WHERE THE GOLDEN GRAIN IS STORED--THE ELEVATOR DISTRICT.
This tunnel project is a splendid illustration of human enterprise, of which there has been an endless procession of illustrations. Think of a few of the great things that have been accomplished. It became necessary to cross oceans, and sailing vessels were built. The application of steam came, and the ships folded their wings and flew faster than ever they did before. The world demanded swift speed upon land, and railroads were born, culminating in an Empire State Express that flies from New York to Buffalo in a little over eight hours. Lightning leaped from the clouds to copper wires and girdled the earth with instantaneous intelligence, and our voices speed swifter than thought from city to city.
The problems of the world are being solved one by one.
This is the electric age, and who can foretell what mighty things may come in the train of the pioneer work with Niagara’s power! It is proposed at present to produce 125,000 horse-power. The Scientific American estimates that the force in Niagara’s current amounts to several millions of horse-power. The present tunnel can be duplicated again and again as necessity demands. The sale of 15,000 horse-power will carry the present investment, leaving 110,000 horse-power for clear profit. The company has a capital of $10,000,000 to draw from, and a number of the greatest capitalists in the country are behind the movement. It is certain, then, that development will keep pace with the demand, and that all the electric power needed will be forthcoming. We have the great inexhaustible storehouse of Niagara to draw from forever, and human enterprise can be depended upon to dig the gold that may be had for the digging.
Buffalo, with her phenomenal facilities for tapping the mines, the lumber forests, the grain fields and all the other rich storehouses of the country, and with equal facilities for distributing the manufactured product, will, of course, be the chief market for the electric power produced at the Falls. It can be brought here without material loss in transmission, while the transportation advantages conferred by Buffalo’s unique location cannot be transmitted. They are immovable as the eternal hills.
The result is not hard to trace. Buffalo is going to be the Electric City of the world, instead of the Queen City of the lakes.
In the larger manufacturing concerns here the cost of steam power has been brought down to about $35 per horse-power per year. The cost of power in the smaller manufacturing concerns is much greater than this sum.

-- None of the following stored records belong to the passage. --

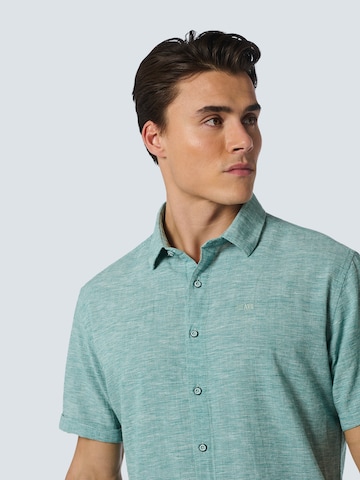 No Excess Regular fit Button Up Shirt in Blue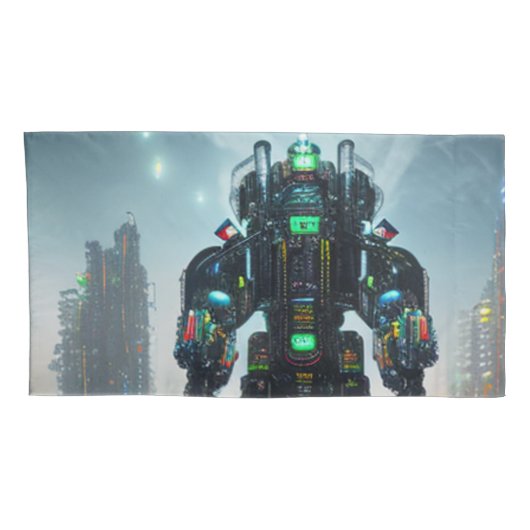 Robot 4 King kussenslopen 2-zijdig paar (Achterkant-Rechts)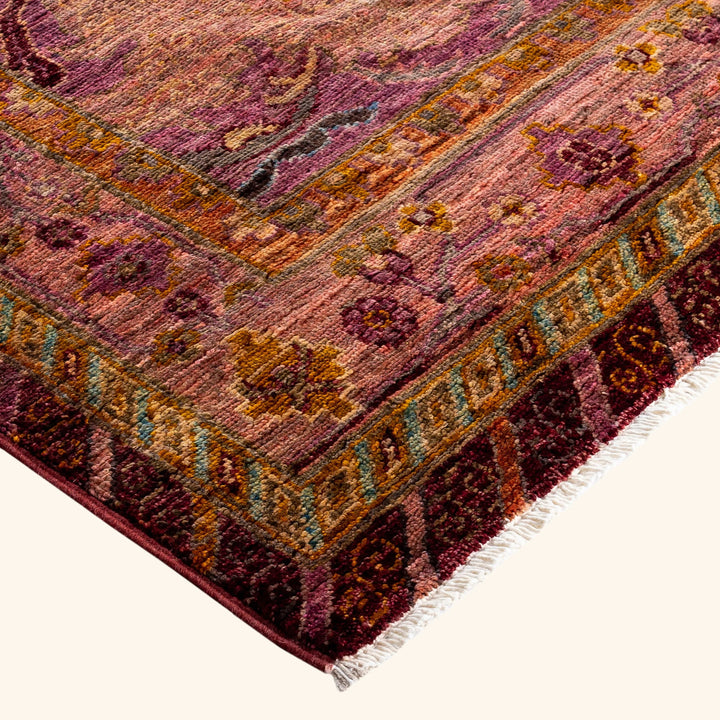 Red Soluna Traditional Wool Rug - 8'11" x 12'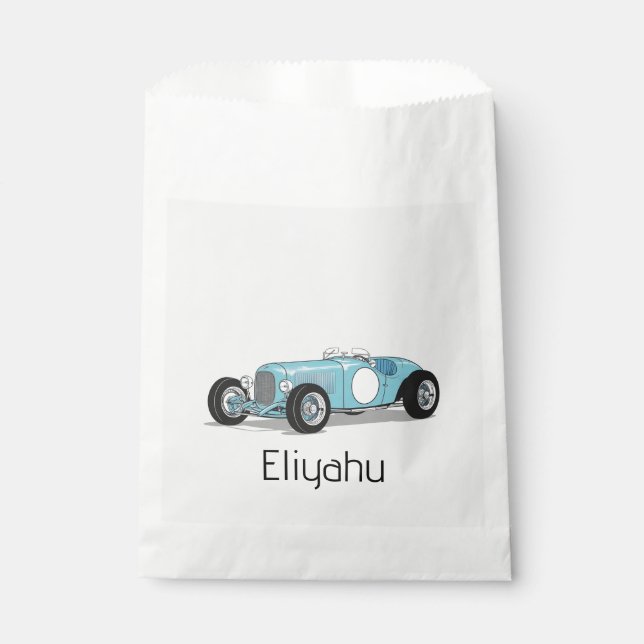 Vintage car upsherin  favour bags (Front)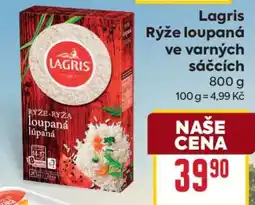 Billa Lagris Rýže loupaná ve varných sáčcích nabídka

It is estimated that the electric power from the Falls can be sold in Buffalo, ready for instant use by touching a button, at little more than half the present cost of steam power. Here is room for thought and comparison on the part of those engaged in manufacturing enterprises.
Does not cheap power settle the question of a city’s manufacturing greatness? Can there be any appeal from such settlement?
Give any city advantages in the way of cheap and abundant power not enjoyed by any other city on the face of the earth and what is the natural result? The eyes of manufacturers everywhere are focused upon that city.
Give to a city unequaled transportation facilities and the cheapest power in the world, and you have the conditions for building up the greatest industrial center in the world.
This is Buffalo’s position.
Far-sighted men do not talk any more about the possibilities of Buffalo’s future. They talk about certainties. They say with the New York Tribune: “The past of Buffalo is secure, and her manifest destiny is evidently to be something tremendous.”
Truly, as has been said by Samuel Wilkeson, Buffalo holds the key to the commerce of an inland empire.